Police resorted to pepper spray and ‘pain compliance’ techniques in an effort to get a protester to unlock himself from a vehicle at Doubtful Creek yesterday.
About 50 protesters, including two men who locked on, held up the company’s exit from the property at Metgasco’s CSG test drilling site until early evening.
One man, who was locked on to a ‘dragon’ buried at the front gate to Eden Creek State Forest, held up the convoy for most of the day.
As he was removed by police in the late afternoon, protesters sat in front of vehicles leaving the park. A second man, Gareth, locked on to one of the components on the underside of the truck at around 5pm.

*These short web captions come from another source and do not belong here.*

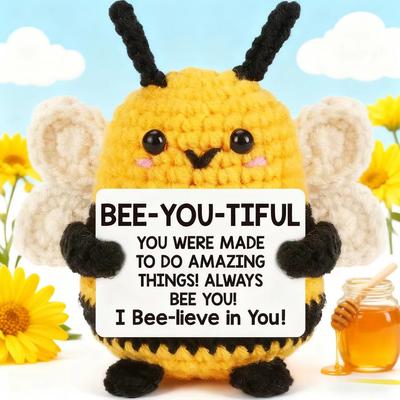 1 Stück Kleine Bienen Ornamente fördern positive Energie und Fleiß. Bienen Dekoschmuck, handgewebt, emotionale Unterstützung Geschenke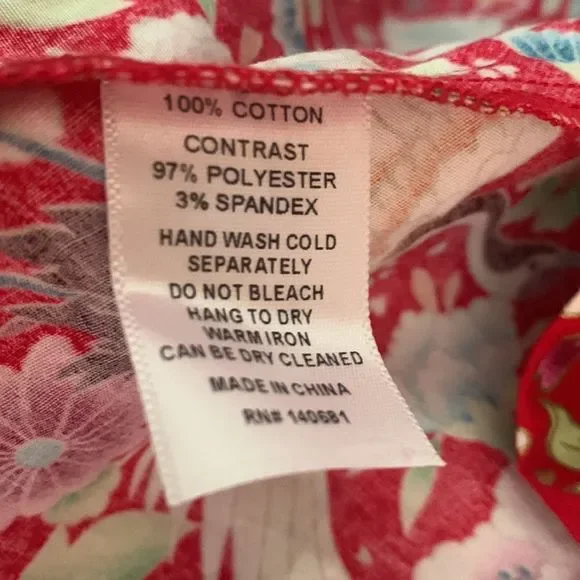 NEW Unique Vintage Red  Floral Halter Dress | Size M - Picture 16 of 16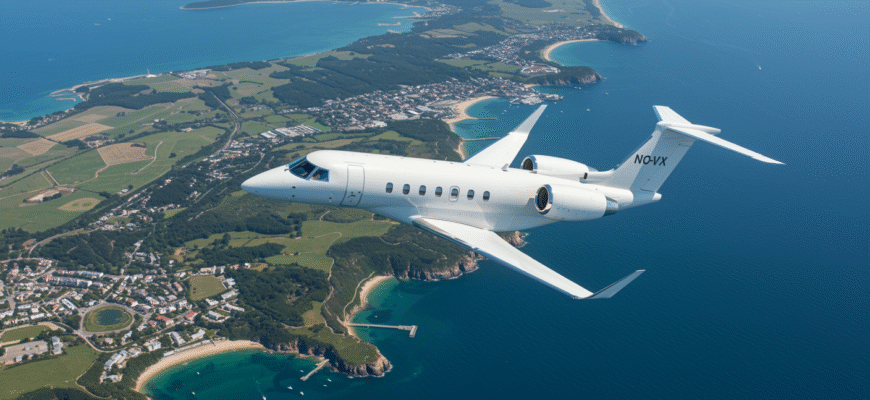 Private Jet Charter To And From Guernsey Photo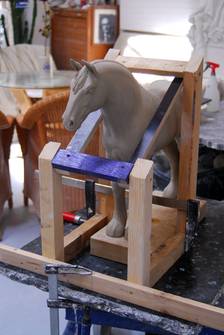 Shire Horse, mold design and construction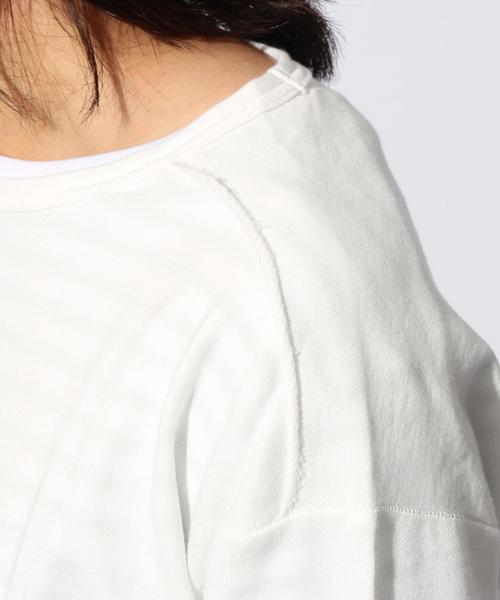 MONKEY TIME(モンキータイム)の「<monkey time>∴ MN/URK C/OFF LSL/カットソー◆(Tシャツ/カットソー・メンズ・オフホワイト/グレー/ベージュ・MEDIUM/LARGE/SMALL/X-LARGE)」の12枚目の写真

In an exclusive interview with Echonetdaily, Gareth said three police officers, including two local police and one from police rescue, sprayed capsicum spray in his eyes in an effort to force him to unlock himself.
‘They held the capsicum spray up to my face and filled my eyes full of capsicum spray,’ he said.

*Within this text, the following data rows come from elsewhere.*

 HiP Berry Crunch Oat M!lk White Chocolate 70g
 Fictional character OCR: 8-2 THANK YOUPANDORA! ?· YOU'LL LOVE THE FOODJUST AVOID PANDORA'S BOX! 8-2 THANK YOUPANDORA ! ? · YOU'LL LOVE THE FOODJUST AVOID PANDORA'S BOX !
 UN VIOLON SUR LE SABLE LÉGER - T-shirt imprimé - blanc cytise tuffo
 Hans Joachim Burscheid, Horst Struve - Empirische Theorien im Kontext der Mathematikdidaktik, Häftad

‘When I wouldn’t unlock, they then used pain compliance techniques. They were pinching my elbows and pushing down on my foot into a straight position.’
‘They did it for a short period of time. They realised that it was just pissing me off and that it wasn’t going to work, and they stopped at the instigation of the police rescue guy.’
Gareth said they then went about cutting him free of the locking device, a process that took about two hours.
Gareth was arrested and taken to Lismore Police station; his identity was established but he wasn’t charged. Undaunted, he has since returned to the protest site.
‘The truck did leave last night, owing to the strong police presence; however, the drill rig, which is symbolic as the number one earth desecrator, is still in the yard,’ he said this morning.
Gareth said there are about 50 protesters but currently no police at the site.
He added that protesters were all in high spirits.
Gareth said he took his action because of the lack of consent of the Githabul landholders to the company’s activities.
‘This activity on Githabul sovereign land without the consent of the Githabul elders in council is part of the ongoing genocide. I locked on yesterday to point this out. The consent of the tribal owners of this land has never been given to this fracking activity.’
According to freelance reporter Marie Cameron, it took police seven hours and a backhoe to release the first ‘Simmo’ (nickname for someone who locks on).
‘Police rescue unit and an ambulance attended; [later a ] back hoe was brought in. After seven hours and the use of a spade, a crow bar, an angle grinder, a back hoe and a jack hammer Simmo was freed.’
She added that when the second lock on happened, ‘the trucks were stopped and police had protesters coming at them from every direction’.
After Gareth was freed she said the police directed the trucks to turn right.
‘Straight away a coffin draped with an aboriginal flag carried by pall bearers formed a procession and a large group of people proceeded to walk down Knights Road at a funeral pace. Lead by Doubtful Creek man Daniel Peterson carrying a protest damaged aboriginal flag the somber march slowed the trucks down.
‘In view of the property and the family who had signed the Metgasco agreement that allowed the CSG well into area people chanted “we shall not be moved.” The police had to deal with a scrum of unhappy protesters. Police did succeed in moving them to one side allowing the trucks to gain speed and leave the protest behind. Protester angst increased and the police were left with an unhappy mob. Very quickly a set of handcuffs were placed on a man and the crowd showed equal determination that he would be freed.
‘At the same time on Bolans Road the trucks encountered an empty car wedged onto an old wooden bridge. Police had to drag it backwards up a hill to allow the trucks to pass.
‘At around 6pm all the trucks that could leave were gone but the rig was still inside the forest. The Doubtful Creek protest is not over yet.’
Protesters expect the rig’s owner, AJ Lucas, to attempt to remove it today.